Пока Венецианов наслаждался новой для себя ролью женатого человека, пока ездил по губернии в поисках имения, просил и получал от отца деньги — своих и жениных на покупку бы не хватило, — вдалеке от тихой Тверской губернии, там, на западе, в Вене происходили серьезные события, которые так или иначе коснутся жизни каждого, самого маленького человека на континенте. Несколько лет — с 1815 по 1822 год главы европейских стран то в Вене, то в Вероне, то в Лайбахе совещались, как укрепить «круговую оборону» против собственных народов, как организовать отпор революционным силам, которые совсем скоро выльются в восстания в Испании, Пьемонте, Неаполе, Греции. Созданный в результате совещания «Священный союз» современники называли «заговором царей против народов». Люди мыслящие давно уже задумывались над аномалиями такого рода: революция 1789 года во Франции, свершившаяся под прекрасными лозунгами свободы, равенства и братства, не только не дала народу Франции ни того, ни другого, ни третьего, но вызвала «рождение» нового императора, Наполеона. Победа над Наполеоном бросила победителей, русских крестьян, в еще более тяжелую и беспросветную кабалу.

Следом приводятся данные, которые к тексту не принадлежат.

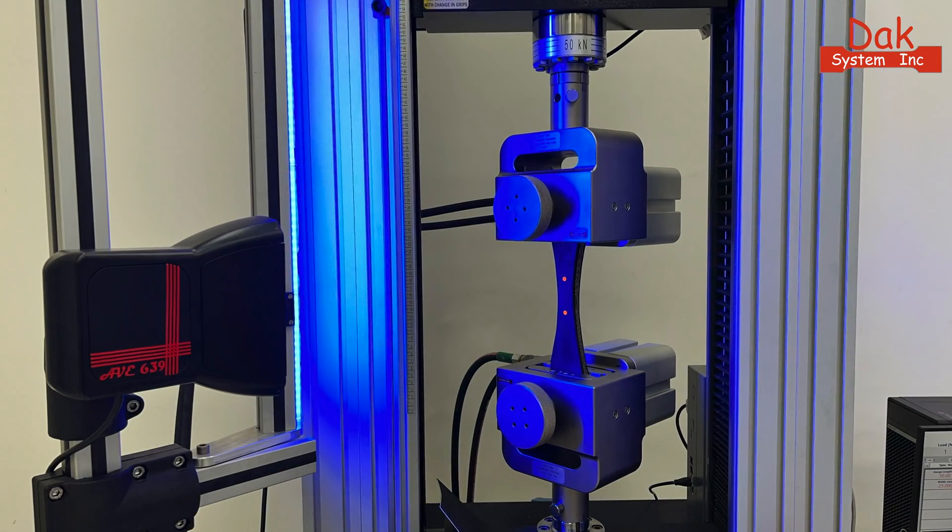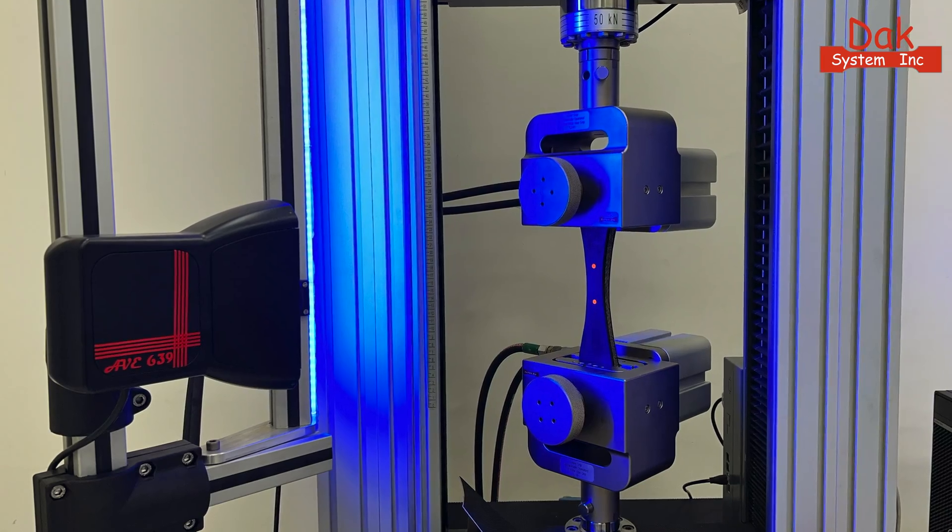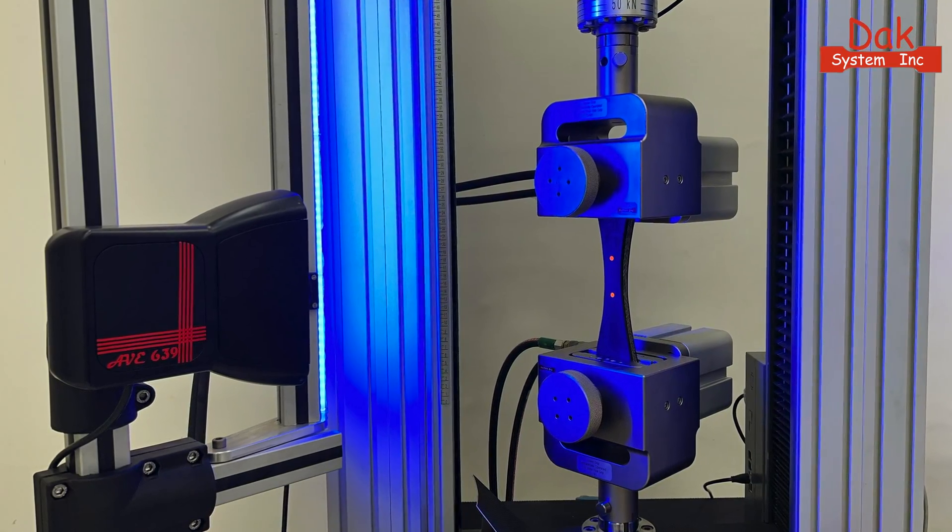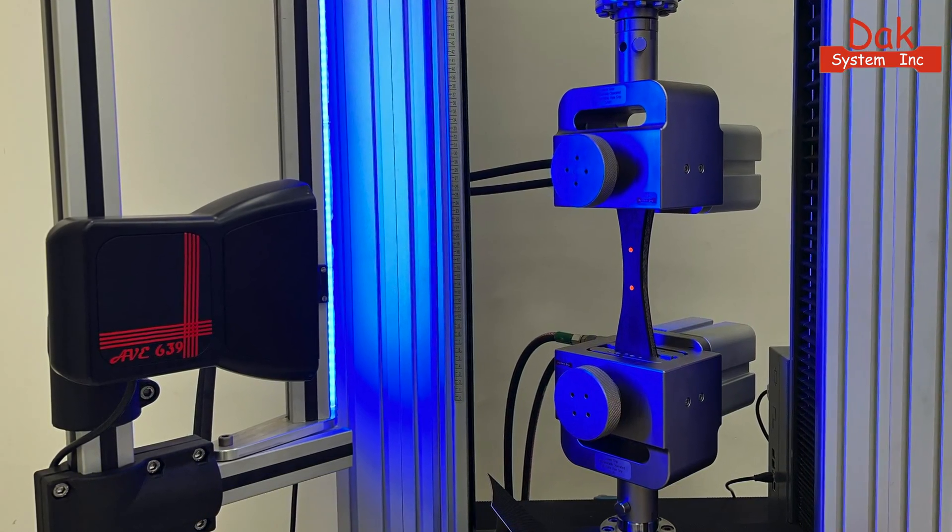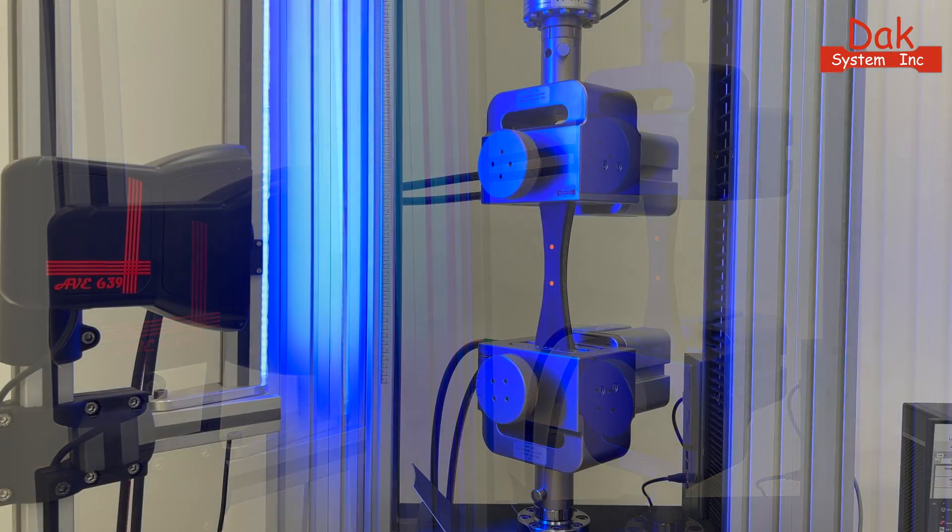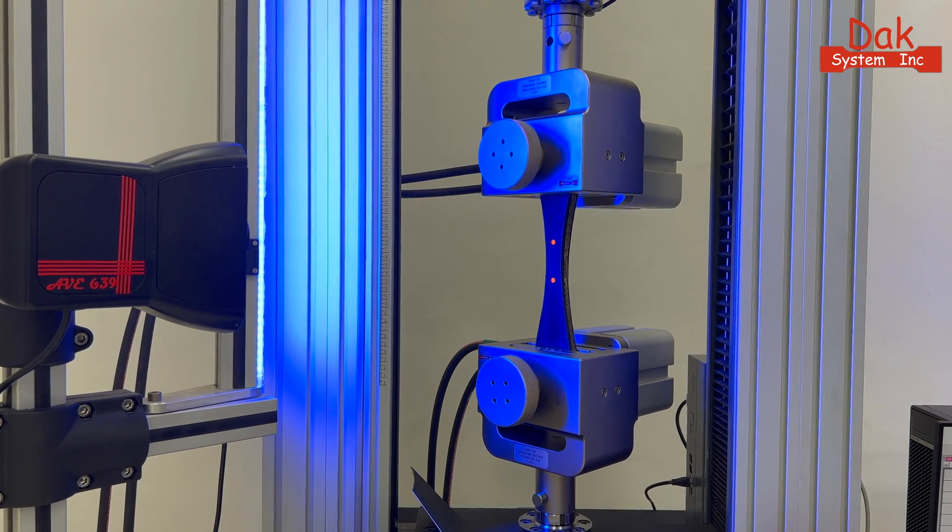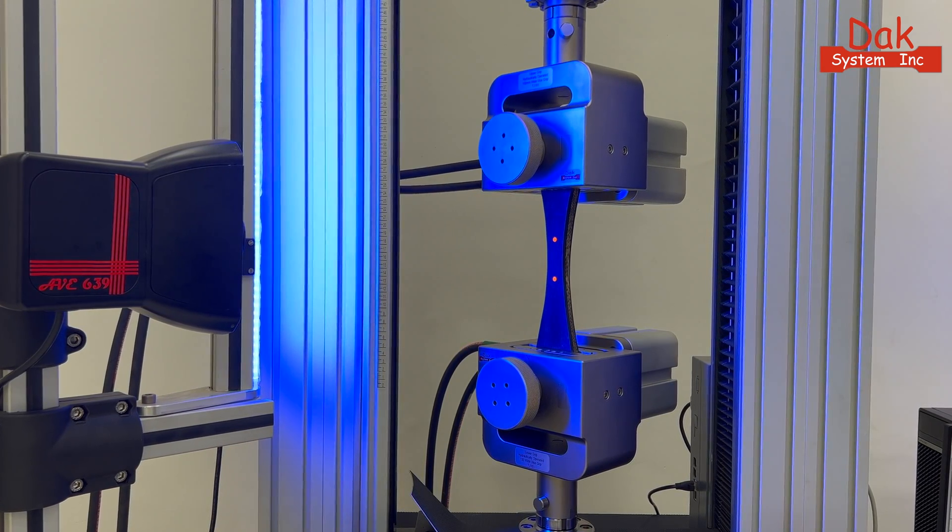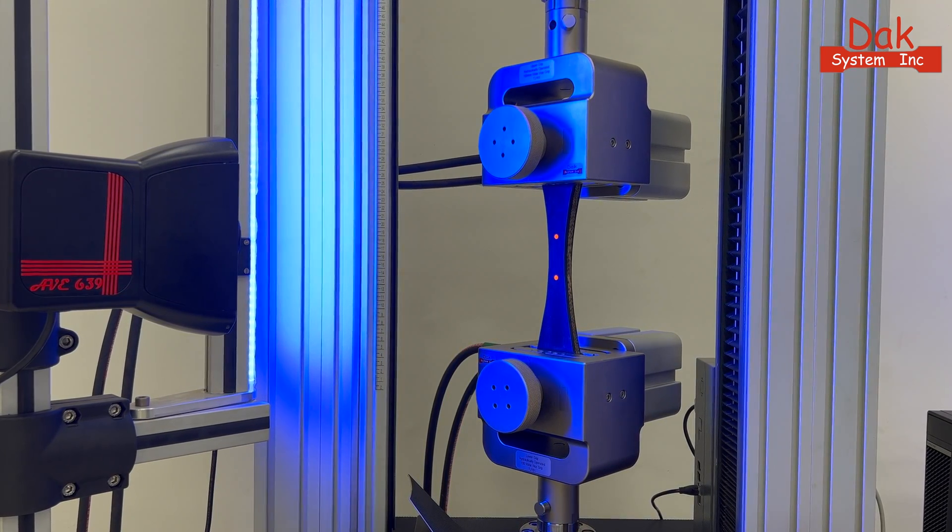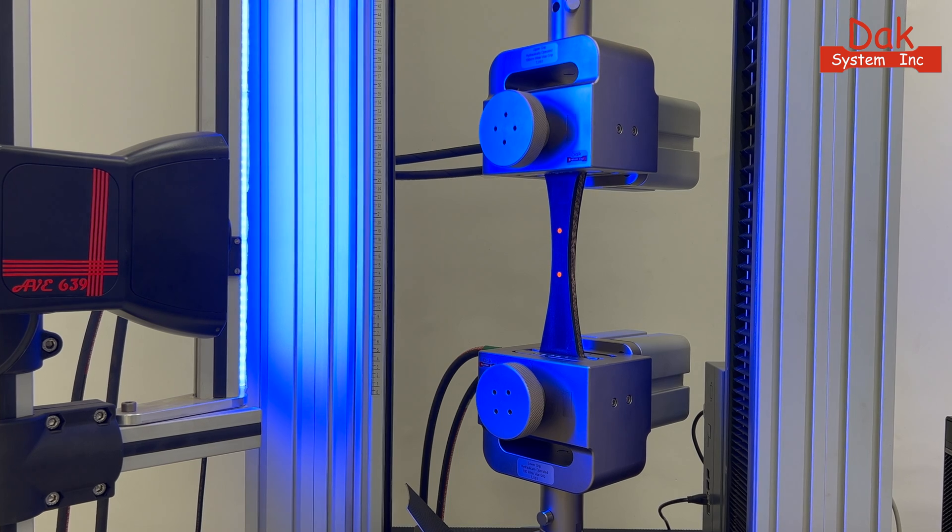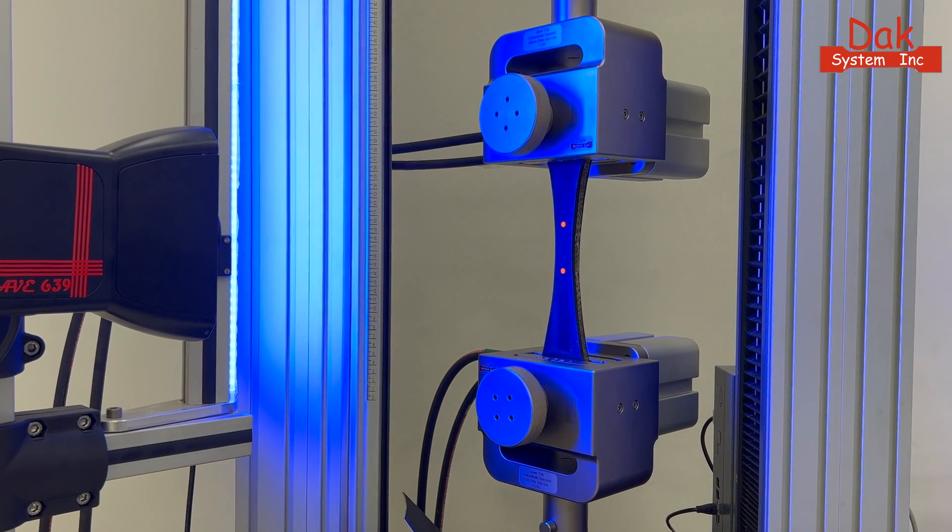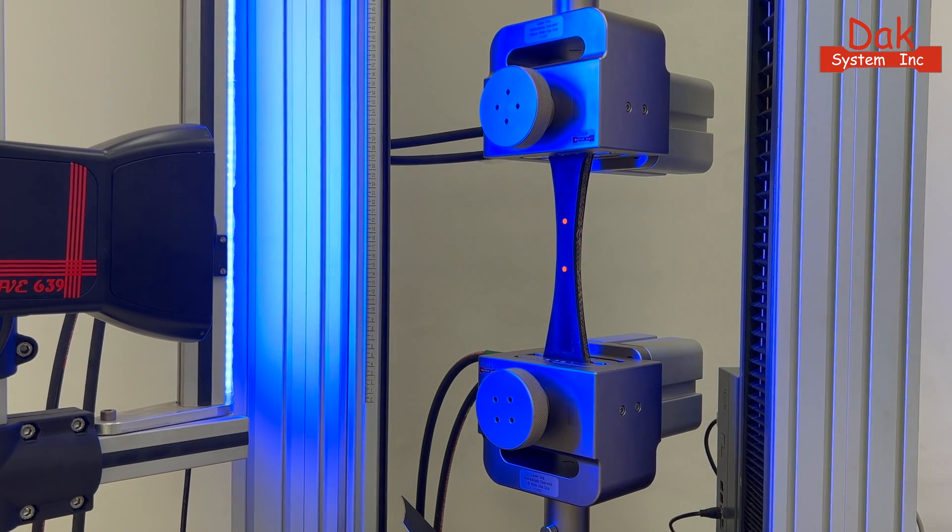Additionally, explore the option to utilize DAC's groundbreaking advanced video extensometer. With its intuitive gauge length markings driven by DAC's proprietary technology, this extensometer accurately captures and measures the specimen's elongation until failure.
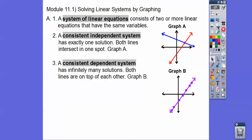They're consistent and dependent if it's the same line. Say I did one in blue and another one in red, and it landed right on top — blue and red makes purple. So all these points would be a solution to both equations when we graph it. We'd say there are infinitely many solutions, and when that happens, it's called consistent and dependent.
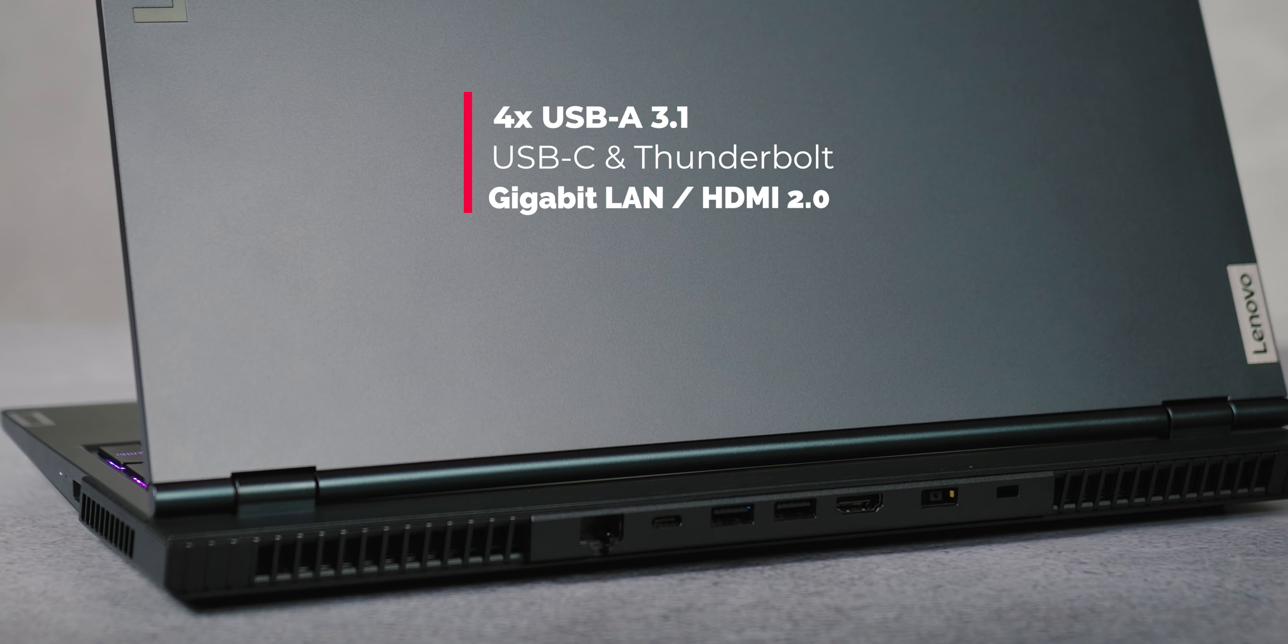Lenovo has implemented a Function plus Q combo which allows you to choose one of three predefined operating modes: balance, quiet, and performance. You can tell which mode is currently active by the color of the power button - blue light is quiet, balance is white, and performance is red.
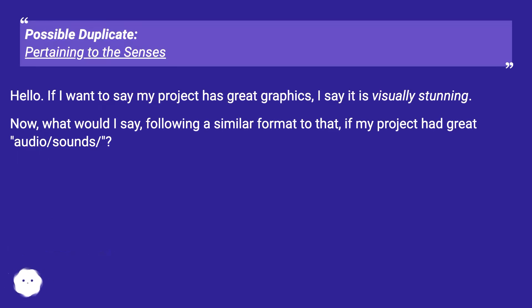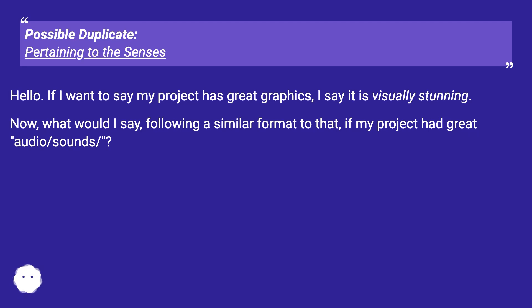Hello. If I want to say my project has great graphics, I say it is visually stunning. Now, what would I say, following a similar format to that, if my project had great audio/sound?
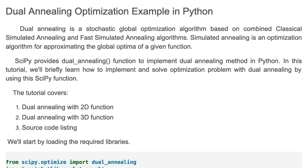Welcome back to my channel. In this tutorial I'm going to talk about dual annealing optimization and how to use the SciPy dual annealing function.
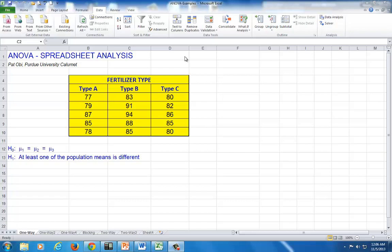This is a spreadsheet demo of analysis of variance. In this example, we seek to compare the means of three populations A, B, and C.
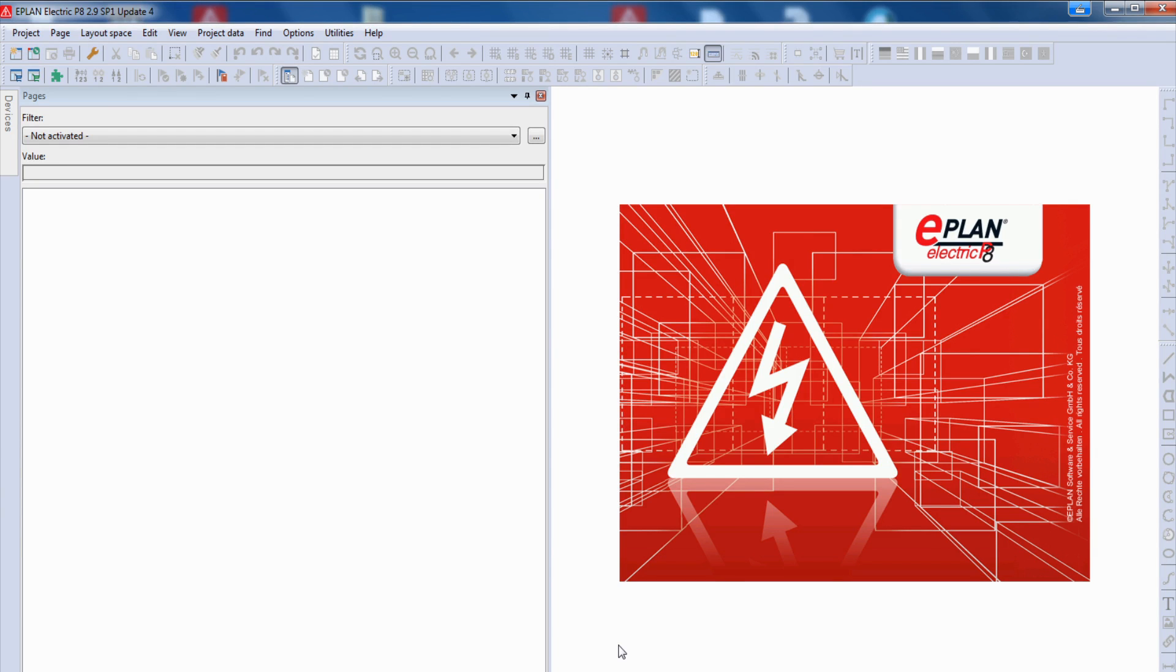Hi, my name is Kai, and in this video I explain to you how you start your new ePlan project. So stay tuned!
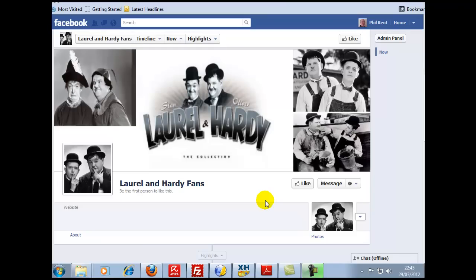Hi there everybody, how are we all doing? What I'm going to do now, I'm going to continue from the video that I made for you yesterday regarding the Facebook Timeline Fan Pages. Now if you were watching yesterday's video you would have saw me just create this quick cover image for a brand new page on the timeline. I just used Laurel and Hardy as an example.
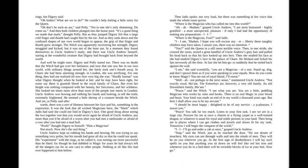"Peace!" said the Witch. "I see what you are. You are a little, peddling magician who works by rules and books. There is no real magic in your blood and heart. Your kind was made an end of in my world a thousand years ago. But here I shall allow you to be my servant."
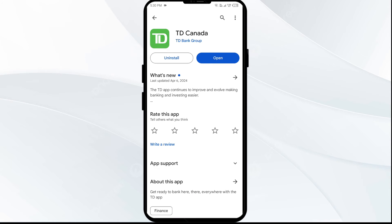If an update is available, you will see an update button next to the app. Tap on it to update the app to the latest version. Once updated, launch the app again.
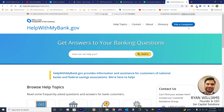Hi everyone, hope you're doing well. I just wanted to share some useful information for new brokers and active brokers looking to research more information.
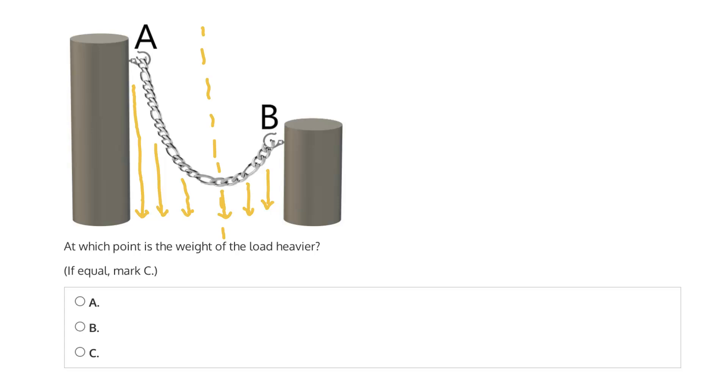And again, the question is at which point is the weight of the load heavier? Well, for the same reason, the left side has more of the weight of the chain, and therefore at A, which is responsible for supporting that left side, the load will be heavier.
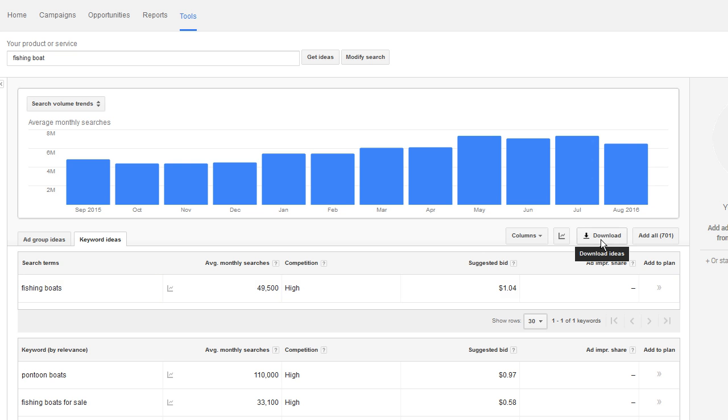But once you've clicked this download button here and you've downloaded the CSV files, what do you do with all these files? Because they each contain about 700 keywords apiece.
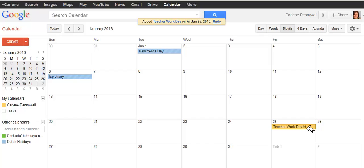So take a moment now to create an all-day event for yourself, maybe a multi-day event, and put that in your calendar.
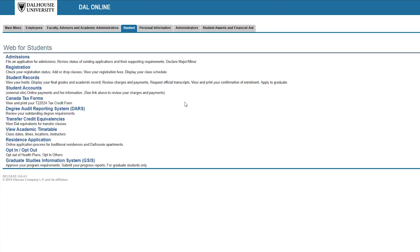In this video we'll be showing you how to apply to graduate with your Dalhousie degree, diploma or certificate.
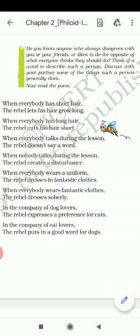Let's read the poem. 'When everybody has short hair, the rebel lets his hair grow long.' Means, when everyone keeps their hair short, the rebel wants to keep their hair long.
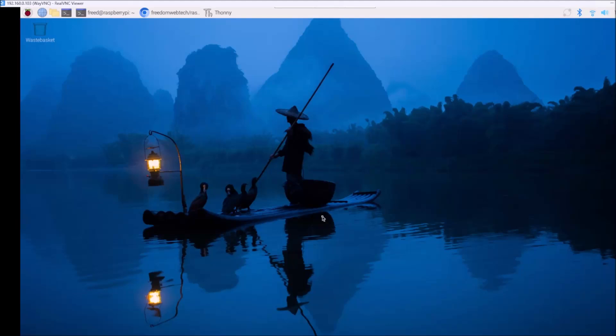Hello friends and welcome to YouTube channel Freedom Tech. In this session, I will share with you how you can do object detection using a Raspberry Pi camera module. We will use here YOLO 8, YOLO 11, YOLO 12, and YOLO 10.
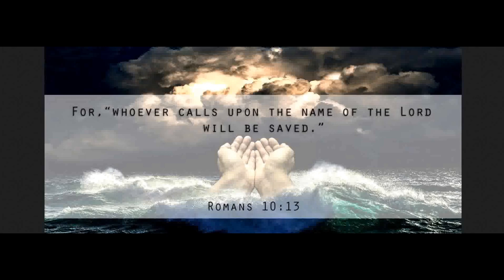It is just as the scripture says: anyone who believes in him will never be put to shame. For there is no difference between Jew and Greek — the same Lord is Lord of all and gives richly to all who call on him. For everyone who calls on the name of the Lord will be saved.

Волна повсеместной, как тогда говорили, «повсюдной» реакции мертвой зыбью прошла по Европе. Вместо обещанного ограничения монархий, вместо ожидаемых конституций — ужесточение абсолютизма на всем континенте. Мыслящие люди слишком хорошо понимали, что происходит на их глазах. Член общества «Зеленая лампа» А. Улыбышев писал: «Когда исчезла опасность, государи не подумали сдержать слово, вырванное у них одним только страхом. Им было горько отказаться от власти, которую долгая летаргия народов сделала как бы законной, а суеверие изображало исходящею от бога». Возглавил «Священный союз» русский царь Александр I. В Европе его называли «царь царей, Агамемнон». Это звучало так помпезно — вполне в духе античных традиций. Вот только помнили ли те, кто дал Александру это прозвание, о том, что мифический царь Агамемнон славился в греческой мифологии не только храбростью и богатством, но и корыстолюбием и безудержной властностью? Сам «Агамемнон», словно бы устав от трудов победы в которых доля его участия была невелика, выпустил из монарших десниц бразды правления. Их тотчас — на что, впрочем, и рассчитывал Александр I — подхватил А. Аракчеев, с 1808 года военный министр, а в послевоенные годы всесильный временщик, державший до дня смерти Александра всю Россию в жесткой узде.
На дальней окраине столицы, в Коломне, где селился лишь простой люд, а если именитый, то с малым достатком — как, например, семейство Пушкиных, — ничем не выделялся среди прочих невысокий невзрачный дом. От своих соседей, таких же деревянных, крашенных бог знает когда домишек, он отличался тем, что наниматели не собирались использовать его под жилье. Этим необычным съемщиком было не частное лицо, а Общество учреждения училищ по методе взаимного обучения. Под этим длинным наименованием скрывалась одна из легализовавшихся организаций декабристского Союза благоденствия. Во главе общества стоял скульптор Ф. Толстой. Его помощником был декабрист Ф. Глинка, секретарем — друг Пушкина В. Кюхельбекер; среди членов числились виднейшие впоследствии декабристы С. Трубецкой и Н. Муравьев. В общем списке организации под номером 17 стояло имя академика живописи Алексея Венецианова. Пионером организации этих народных школ, именовавшихся ланкастерскими, был декабрист М. Орлов, впоследствии хороший знакомый Венецианова — в письмах, упоминая его имя, Венецианов будет применять эпитет «мой». Приняв в Киеве должность начальника штаба, он застал там небольшую школу кантонистов на сорок человек, основанную В. Раевским. Орлов быстро довел число учащихся до шестисот человек; его школа послужила образцом для всех военно-сиротских школ. Современники называли ее «маткою взаимного обучения в России».
Учащиеся коломенской школы — босоногие дети ремесленников, мастеровых. Главная задача художника в школе на первых порах не касалась собственно художества. Никто из ребят не знал букв, не то что грамоты. А главную задачу энтузиасты видели как раз в «быстрейшем распространении грамотности в простом народе», поэтому при помощи литографии изготовлялись пособия для скорейшего овладения грамотой.